I think that examples of good uses can be given. A questionnaire or interview study with medical staff can exhibit ethical problems in health care practices that otherwise would have been unnoticed (like Mona Pettersson’s study of nurses’ experiences of do not to resuscitate orders). Empirical studies can also show how more values are at stake than those traditionally taken into account in bioethics. Many examples could be given, but let me instead use an analogy:
Suppose someone asks you for advice on a delicate matter. Will you not ask questions to that person, to better understand the context; what is at stake; what the actual problem is? Simplified, one could say that this is what empirical bioethics does. It is not about obtaining empirical evidence of what is right and wrong.
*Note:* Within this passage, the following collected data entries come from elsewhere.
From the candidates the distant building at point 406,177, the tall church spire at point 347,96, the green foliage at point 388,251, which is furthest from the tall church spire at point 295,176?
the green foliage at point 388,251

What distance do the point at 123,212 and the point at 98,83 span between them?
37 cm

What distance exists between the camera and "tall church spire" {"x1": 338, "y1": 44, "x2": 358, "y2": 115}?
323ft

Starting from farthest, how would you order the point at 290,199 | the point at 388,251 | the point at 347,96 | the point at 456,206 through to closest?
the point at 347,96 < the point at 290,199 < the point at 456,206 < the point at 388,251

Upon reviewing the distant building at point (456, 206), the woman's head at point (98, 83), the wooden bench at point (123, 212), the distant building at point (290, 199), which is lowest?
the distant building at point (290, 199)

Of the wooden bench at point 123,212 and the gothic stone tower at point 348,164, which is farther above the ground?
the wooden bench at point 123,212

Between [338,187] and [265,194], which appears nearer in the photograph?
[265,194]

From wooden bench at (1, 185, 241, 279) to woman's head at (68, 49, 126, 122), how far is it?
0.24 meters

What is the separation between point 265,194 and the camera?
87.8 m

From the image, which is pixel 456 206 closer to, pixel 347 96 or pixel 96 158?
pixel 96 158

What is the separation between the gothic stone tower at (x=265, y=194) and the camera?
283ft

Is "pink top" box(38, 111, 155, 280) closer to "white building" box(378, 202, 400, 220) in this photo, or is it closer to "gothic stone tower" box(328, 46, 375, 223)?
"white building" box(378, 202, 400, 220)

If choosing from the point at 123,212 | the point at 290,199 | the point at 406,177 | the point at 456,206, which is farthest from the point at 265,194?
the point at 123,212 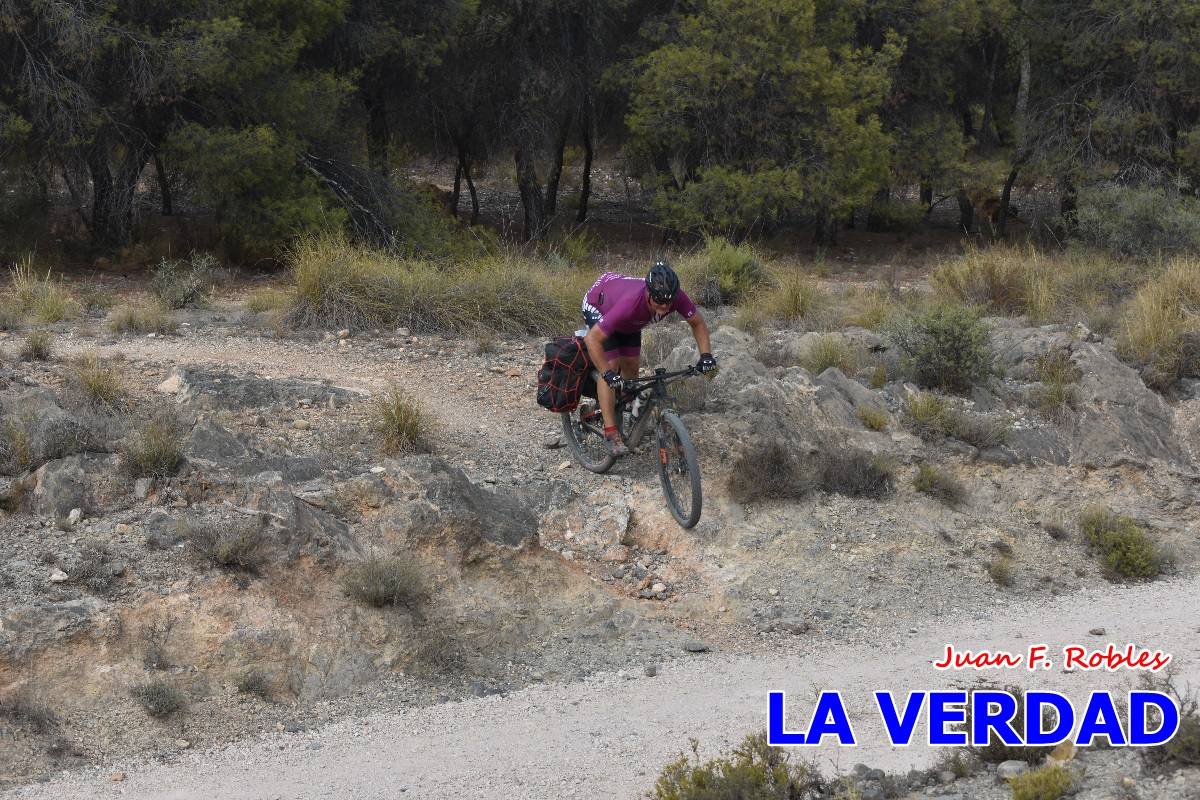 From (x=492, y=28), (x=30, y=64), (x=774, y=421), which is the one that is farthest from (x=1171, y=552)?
(x=492, y=28)

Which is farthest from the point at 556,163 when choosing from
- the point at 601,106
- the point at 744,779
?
the point at 744,779

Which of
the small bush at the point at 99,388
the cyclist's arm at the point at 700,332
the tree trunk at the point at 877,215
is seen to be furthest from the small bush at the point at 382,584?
the tree trunk at the point at 877,215

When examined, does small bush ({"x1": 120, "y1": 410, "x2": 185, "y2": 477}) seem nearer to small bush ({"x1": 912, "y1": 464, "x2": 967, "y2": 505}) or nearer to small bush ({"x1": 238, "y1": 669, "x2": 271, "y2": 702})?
small bush ({"x1": 238, "y1": 669, "x2": 271, "y2": 702})

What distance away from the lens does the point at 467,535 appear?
7609 mm

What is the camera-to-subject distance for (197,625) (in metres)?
6.60

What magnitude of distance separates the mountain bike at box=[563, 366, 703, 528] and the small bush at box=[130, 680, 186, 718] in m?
3.09

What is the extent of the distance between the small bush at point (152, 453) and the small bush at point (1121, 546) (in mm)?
5871

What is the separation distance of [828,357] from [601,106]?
13.4 metres

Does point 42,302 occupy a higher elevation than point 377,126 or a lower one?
lower

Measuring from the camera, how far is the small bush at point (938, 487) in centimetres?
891

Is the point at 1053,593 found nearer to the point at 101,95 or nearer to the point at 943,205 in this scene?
the point at 101,95

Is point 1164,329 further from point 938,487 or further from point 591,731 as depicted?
point 591,731

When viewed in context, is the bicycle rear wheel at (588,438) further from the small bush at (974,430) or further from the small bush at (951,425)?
the small bush at (974,430)

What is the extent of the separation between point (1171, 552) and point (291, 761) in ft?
19.4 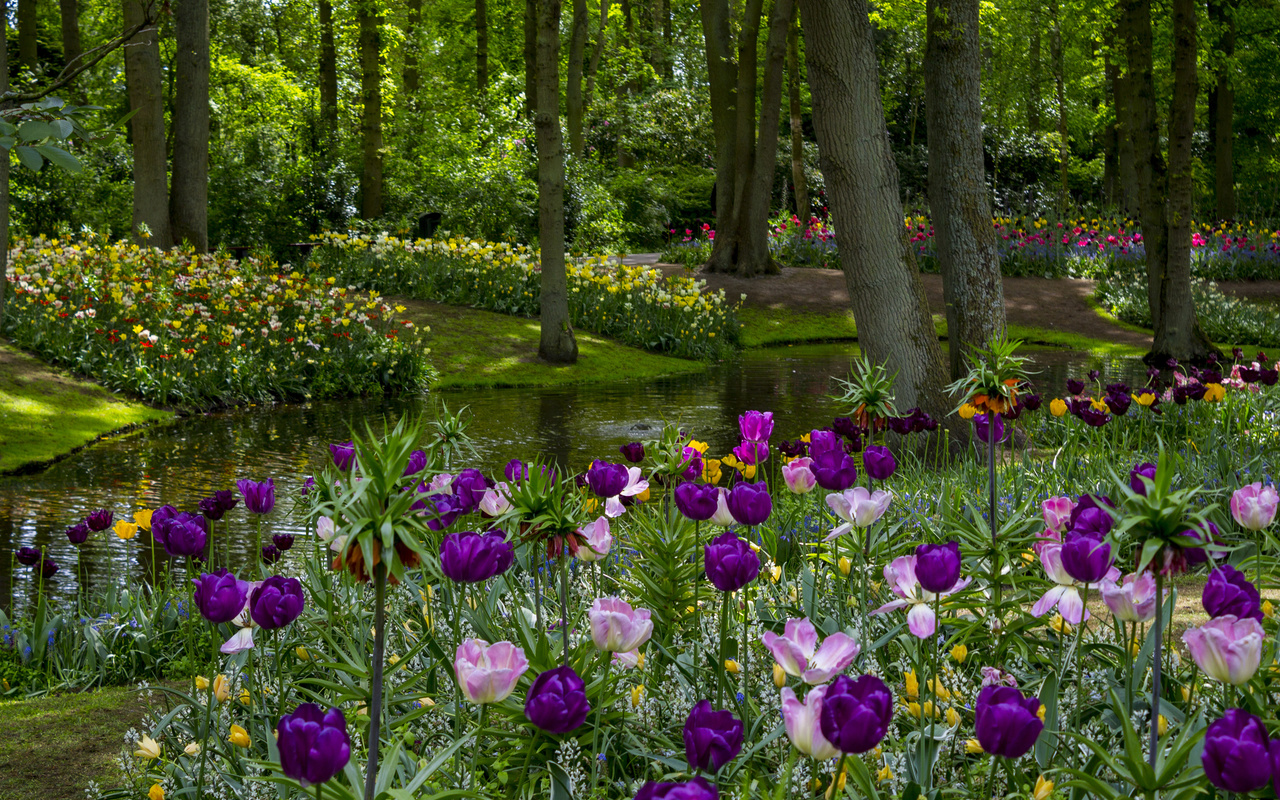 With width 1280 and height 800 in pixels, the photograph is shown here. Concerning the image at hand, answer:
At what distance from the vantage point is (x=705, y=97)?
35.7m

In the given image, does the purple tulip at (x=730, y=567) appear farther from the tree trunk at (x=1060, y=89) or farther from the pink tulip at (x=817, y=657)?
the tree trunk at (x=1060, y=89)

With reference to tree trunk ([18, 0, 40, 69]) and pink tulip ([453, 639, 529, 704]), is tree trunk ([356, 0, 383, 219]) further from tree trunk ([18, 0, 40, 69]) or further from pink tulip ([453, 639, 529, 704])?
pink tulip ([453, 639, 529, 704])

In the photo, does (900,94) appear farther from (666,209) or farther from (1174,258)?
(1174,258)

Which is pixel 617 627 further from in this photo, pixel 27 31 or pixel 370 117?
pixel 27 31

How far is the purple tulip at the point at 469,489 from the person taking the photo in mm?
2766

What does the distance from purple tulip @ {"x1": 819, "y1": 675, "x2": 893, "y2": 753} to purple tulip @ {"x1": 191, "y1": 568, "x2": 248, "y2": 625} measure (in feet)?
3.92

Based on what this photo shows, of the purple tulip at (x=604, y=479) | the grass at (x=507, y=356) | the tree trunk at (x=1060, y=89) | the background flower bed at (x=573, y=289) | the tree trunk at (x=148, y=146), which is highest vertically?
the tree trunk at (x=1060, y=89)

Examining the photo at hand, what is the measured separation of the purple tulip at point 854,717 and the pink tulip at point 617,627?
1.66 ft

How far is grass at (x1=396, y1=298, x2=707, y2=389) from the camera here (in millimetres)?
13734

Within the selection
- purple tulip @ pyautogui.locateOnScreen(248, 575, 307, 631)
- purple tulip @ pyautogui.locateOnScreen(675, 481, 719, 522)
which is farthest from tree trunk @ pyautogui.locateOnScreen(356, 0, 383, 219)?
purple tulip @ pyautogui.locateOnScreen(248, 575, 307, 631)

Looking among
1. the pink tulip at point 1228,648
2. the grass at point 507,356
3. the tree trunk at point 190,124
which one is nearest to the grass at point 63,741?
the pink tulip at point 1228,648

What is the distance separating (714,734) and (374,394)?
11.9 m

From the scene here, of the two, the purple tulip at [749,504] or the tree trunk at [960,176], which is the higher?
the tree trunk at [960,176]

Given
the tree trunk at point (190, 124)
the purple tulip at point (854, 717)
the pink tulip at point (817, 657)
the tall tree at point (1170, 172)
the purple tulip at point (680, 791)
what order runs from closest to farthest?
the purple tulip at point (680, 791)
the purple tulip at point (854, 717)
the pink tulip at point (817, 657)
the tall tree at point (1170, 172)
the tree trunk at point (190, 124) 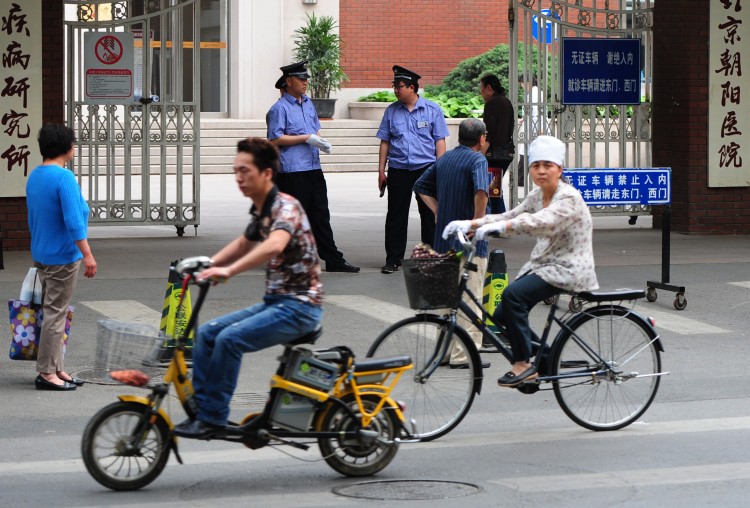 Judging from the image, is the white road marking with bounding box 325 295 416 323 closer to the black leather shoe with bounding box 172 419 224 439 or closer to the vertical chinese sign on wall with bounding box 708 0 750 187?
the black leather shoe with bounding box 172 419 224 439

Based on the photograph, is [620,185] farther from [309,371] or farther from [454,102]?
[454,102]

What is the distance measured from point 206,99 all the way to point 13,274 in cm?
1992

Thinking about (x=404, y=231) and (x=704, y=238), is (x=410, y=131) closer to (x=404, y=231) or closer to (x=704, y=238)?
(x=404, y=231)

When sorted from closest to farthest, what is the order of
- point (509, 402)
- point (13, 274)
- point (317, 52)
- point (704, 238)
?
point (509, 402)
point (13, 274)
point (704, 238)
point (317, 52)

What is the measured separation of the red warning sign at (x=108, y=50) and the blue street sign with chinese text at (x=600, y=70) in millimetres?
5553

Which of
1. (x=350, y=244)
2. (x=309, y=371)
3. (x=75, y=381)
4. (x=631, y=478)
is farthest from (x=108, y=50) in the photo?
(x=631, y=478)

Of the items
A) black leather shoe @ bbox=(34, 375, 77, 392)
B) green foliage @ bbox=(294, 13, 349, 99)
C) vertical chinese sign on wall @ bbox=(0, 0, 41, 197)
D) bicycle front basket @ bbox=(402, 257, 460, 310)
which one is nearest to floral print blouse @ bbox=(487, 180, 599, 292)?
bicycle front basket @ bbox=(402, 257, 460, 310)

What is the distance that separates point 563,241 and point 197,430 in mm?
2363

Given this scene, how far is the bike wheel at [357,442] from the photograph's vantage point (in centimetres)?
660

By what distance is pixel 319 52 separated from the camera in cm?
3216

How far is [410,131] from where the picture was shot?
13.7 m

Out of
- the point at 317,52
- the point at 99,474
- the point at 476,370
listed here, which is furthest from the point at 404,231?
the point at 317,52

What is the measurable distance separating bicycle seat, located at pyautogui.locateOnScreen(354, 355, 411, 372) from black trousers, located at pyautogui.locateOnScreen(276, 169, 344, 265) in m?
6.79

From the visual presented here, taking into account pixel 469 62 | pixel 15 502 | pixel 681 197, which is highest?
pixel 469 62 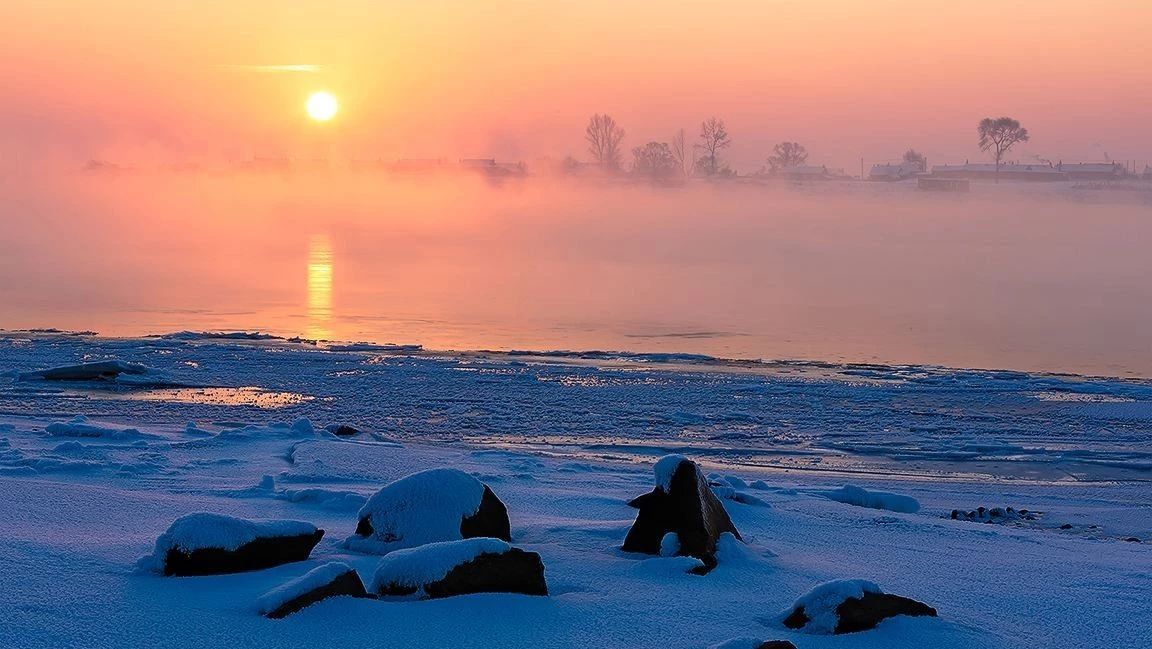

It is about getting a better grasp of the problem: what is at stake, what it is about.
The words “empirical,” “facts” and “evidence” are often used rhetorically in debates: to support views and positions. Probably it is such intellectual debate rhetoric one thinks of when empirical bioethics is questioned. Bioethicists are seen as shrewd debaters who try to conjure forth empirical support for ideas of right and wrong. But empirical work is not primarily about answering questions, but about asking questions (as in the analogy).
Empirical bioethics deepens the question, rather than seeks artful shortcuts to the answer. The deepening of the question gives friction to move forward through the real problem. We must not be fooled by the intellectual rhetoric of empirical justification when bioethicists make empirical studies to reason more sensitively about the actual problem.